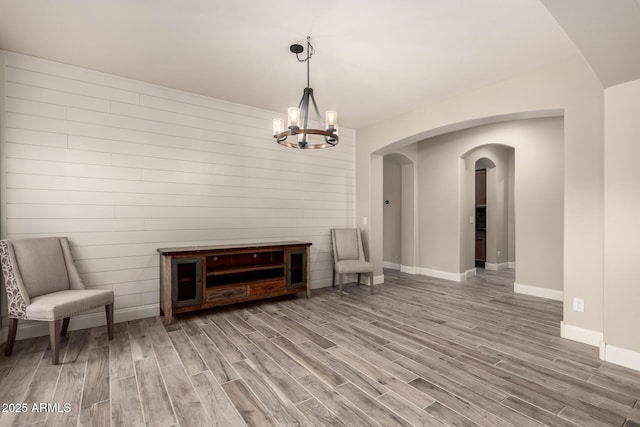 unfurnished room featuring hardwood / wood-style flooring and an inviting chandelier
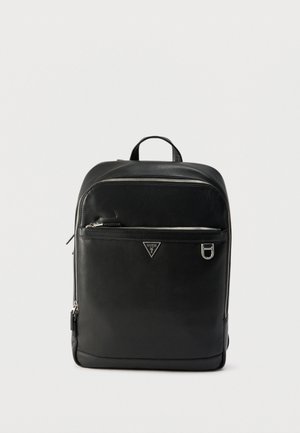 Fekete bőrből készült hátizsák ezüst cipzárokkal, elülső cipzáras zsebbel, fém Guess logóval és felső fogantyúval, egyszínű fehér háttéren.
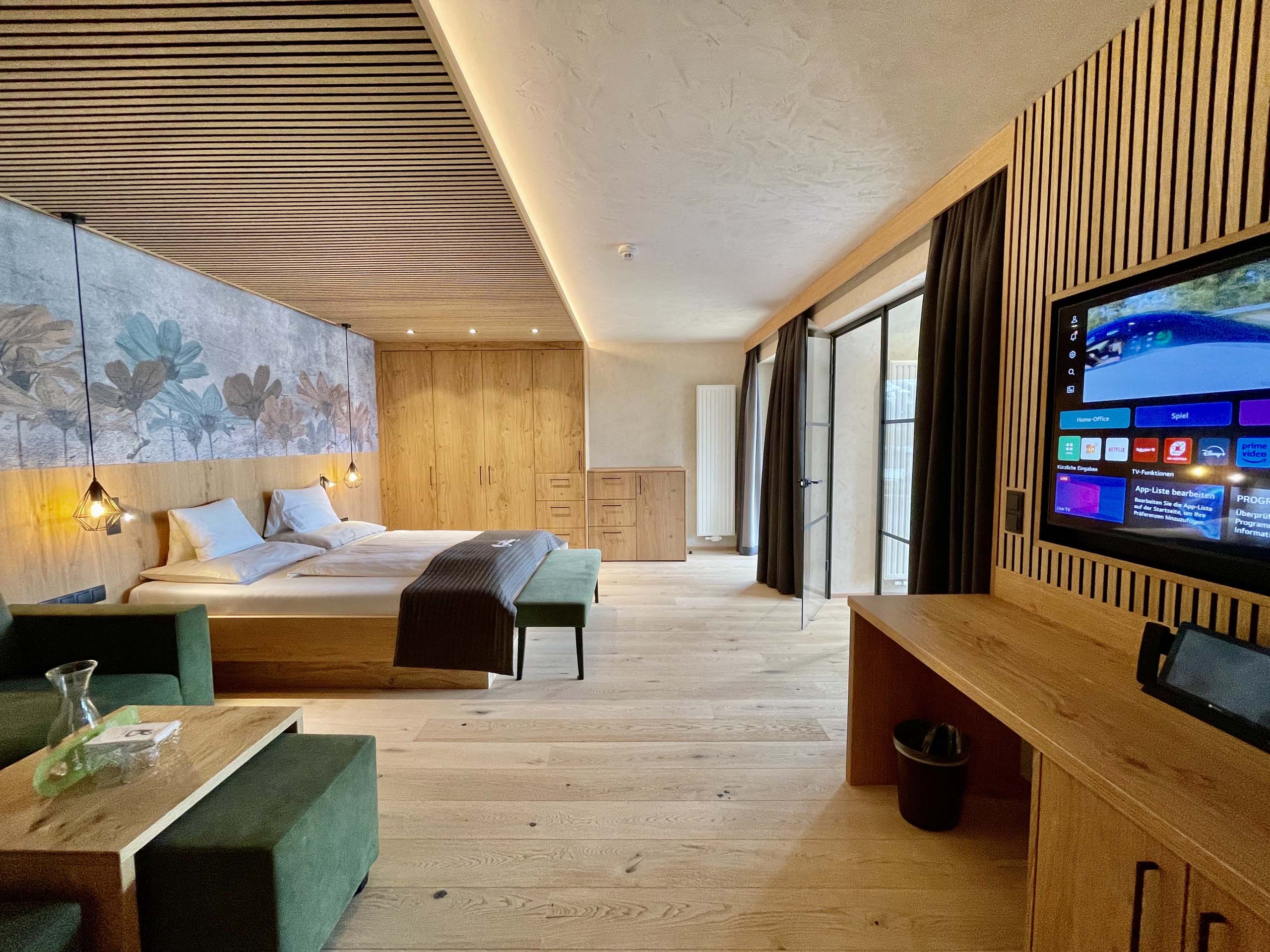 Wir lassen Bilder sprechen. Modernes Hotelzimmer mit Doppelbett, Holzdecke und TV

Description of the task =>
Would you print the material exactly once more, without any of its pictures?

Task result =>
 unfurnished room featuring hardwood / wood-style flooring and an inviting chandelier
 Fekete bőrből készült hátizsák ezüst cipzárokkal, elülső cipzáras zsebbel, fém Guess logóval és felső fogantyúval, egyszínű fehér háttéren.
 Wir lassen Bilder sprechen. Modernes Hotelzimmer mit Doppelbett, Holzdecke und TV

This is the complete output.